- _Problem requirements_:
Without pictures, retype the following entries exactly.

━━━ Given information ━━━

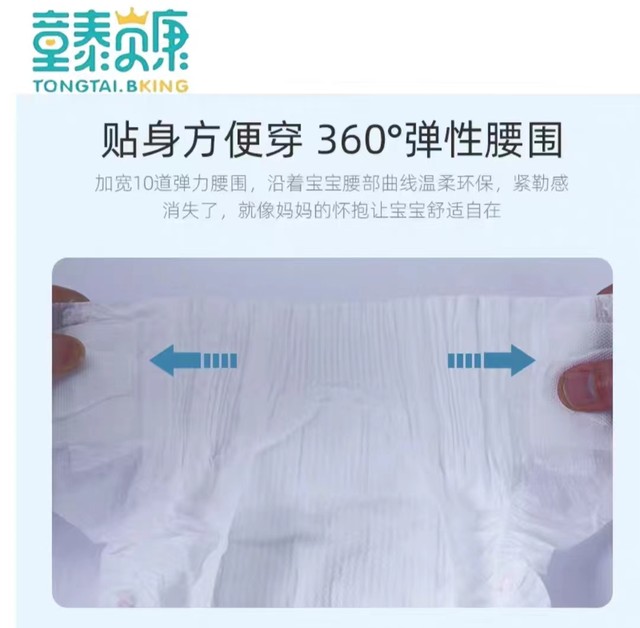 ຜ້າອ້ອມ Tongtai L baby diaper S ultra-thin M dry and breathable XL Tongtai Beikang NB size newborn baby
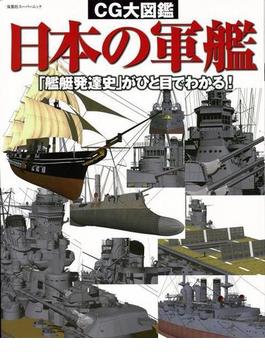 【アウトレットブック】ＣＧ大図鑑日本の軍艦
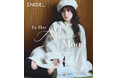 ＜SNIDEL(スナイデル)＞櫻坂46守屋麗奈が着こなす限定アイテム全4型をオンラインで発売！＜9月17日(木)より販売開始＞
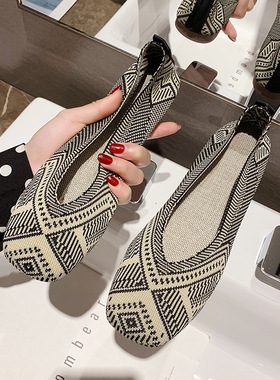 Plus Size Spring New Ballet Flats Women Square Toe Knit Fabr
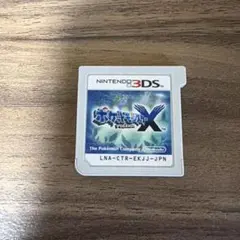ポケットモンスター X ニンテンドー3DS ソフト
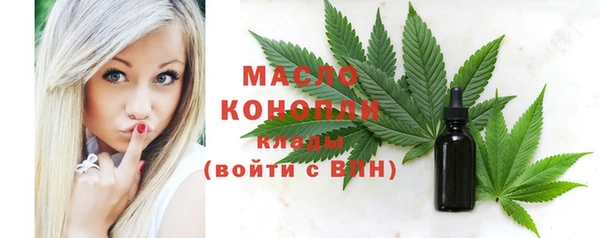 дистиллят марихуана Пролетарск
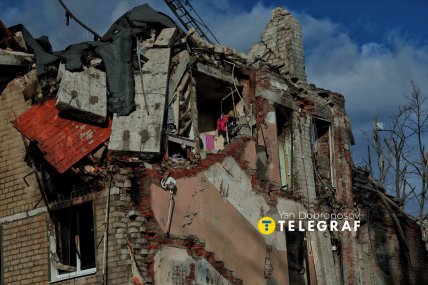 Наслідки удару Росії по Харкову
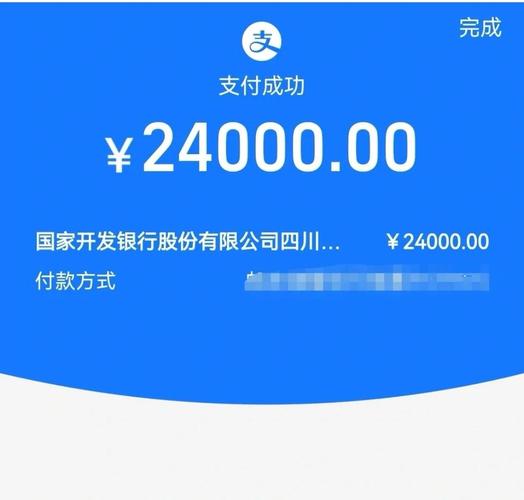 支付宝10.6.20,8000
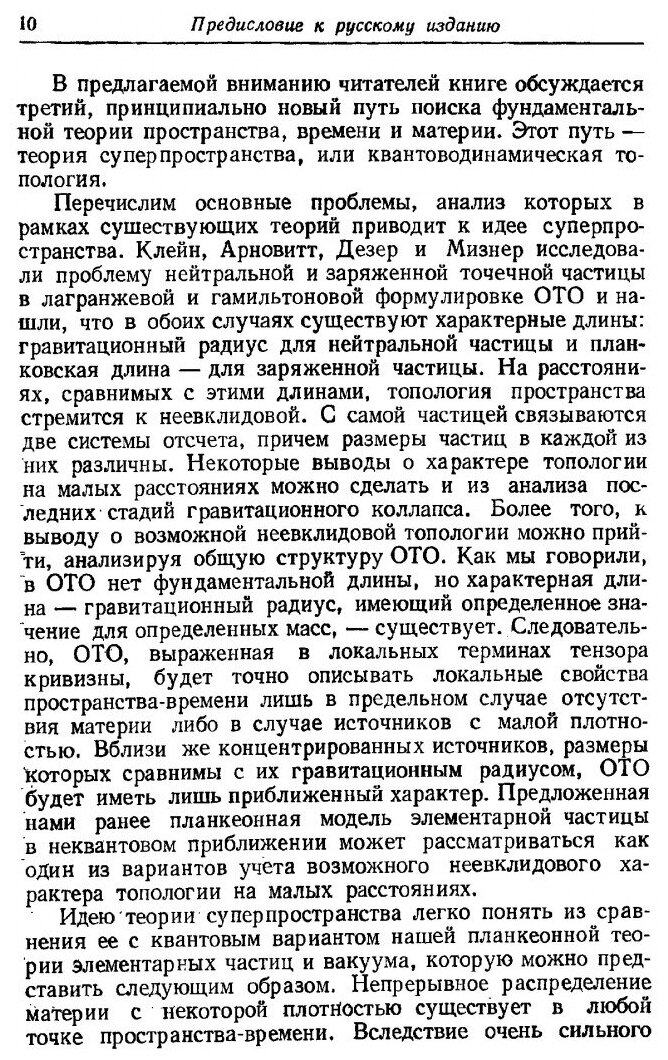 Книга Предвидение Эйнштейна (Уилер Джон Арчибал) - фото №7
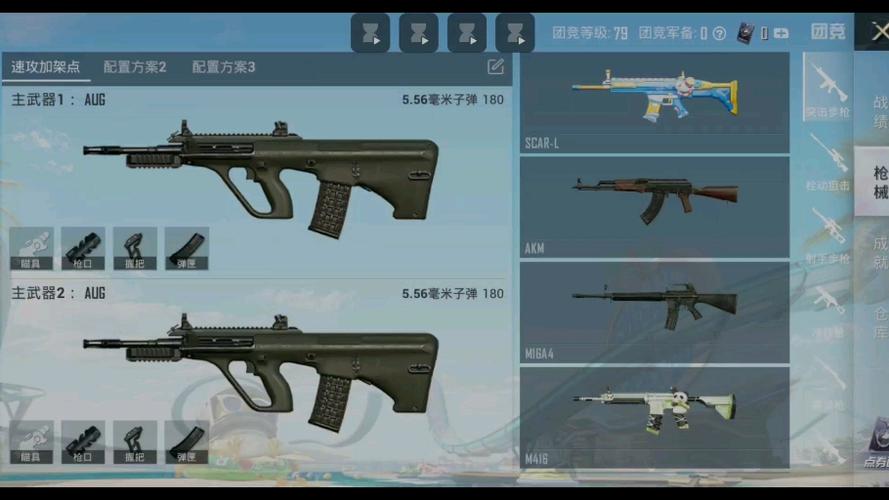和平精英无后座辅助器图标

━━━

- _Reply to the exercise_:
 ຜ້າອ້ອມ Tongtai L baby diaper S ultra-thin M dry and breathable XL Tongtai Beikang NB size newborn baby
 【アウトレットブック】ＣＧ大図鑑日本の軍艦
 ＜SNIDEL(スナイデル)＞櫻坂46守屋麗奈が着こなす限定アイテム全4型をオンラインで発売！＜9月17日(木)より販売開始＞
 Plus Size Spring New Ballet Flats Women Square Toe Knit Fabr
ポケットモンスター X ニンテンドー3DS ソフト
 дистиллят марихуана Пролетарск
 Наслідки удару Росії по Харкову
 支付宝10.6.20,8000
 Книга Предвидение Эйнштейна (Уилер Джон Арчибал) - фото №7
和平精英无后座辅助器图标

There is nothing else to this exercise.